↓↓↓

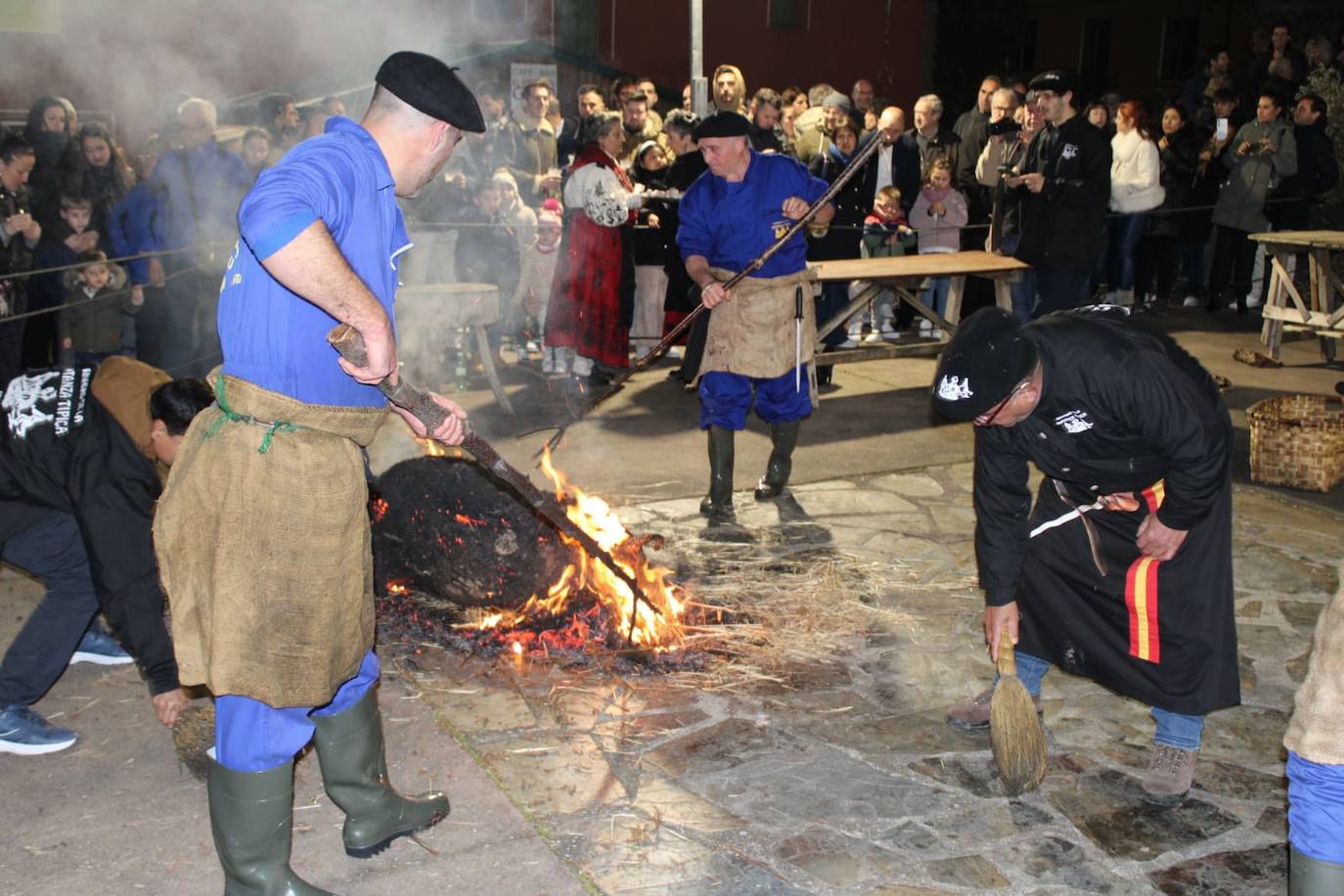 Guijuelo disfruta de su matanza nocturna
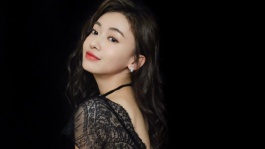 女人脱了短裤后的照片[全集]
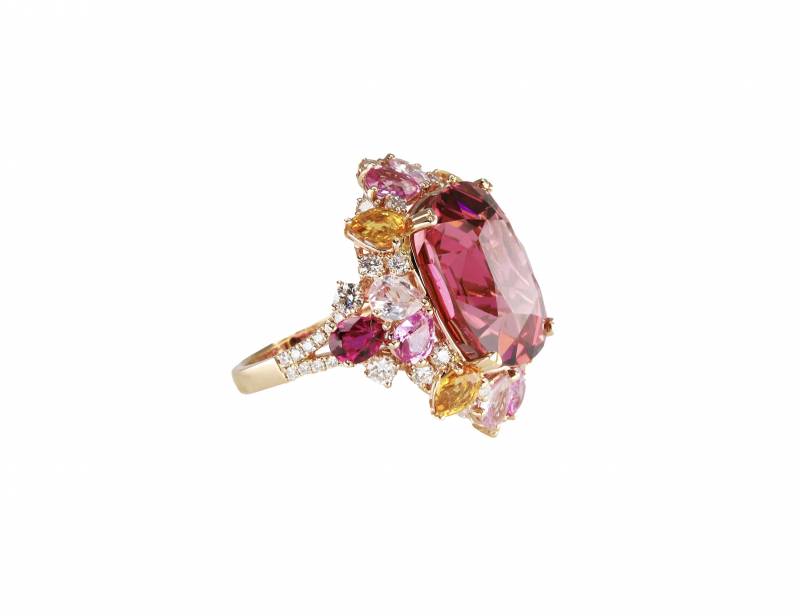 Bague or rose, tourmaline rose, rubellites, saphirs de couleurs et diamants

↑↑↑

Task requirements: Nothing but the lines from the line with "女人脱了短裤后的照片[全集]" through the last line of the data above should be printed, exactly as written and without pictures.

Response area:
 女人脱了短裤后的照片[全集]
 Bague or rose, tourmaline rose, rubellites, saphirs de couleurs et diamants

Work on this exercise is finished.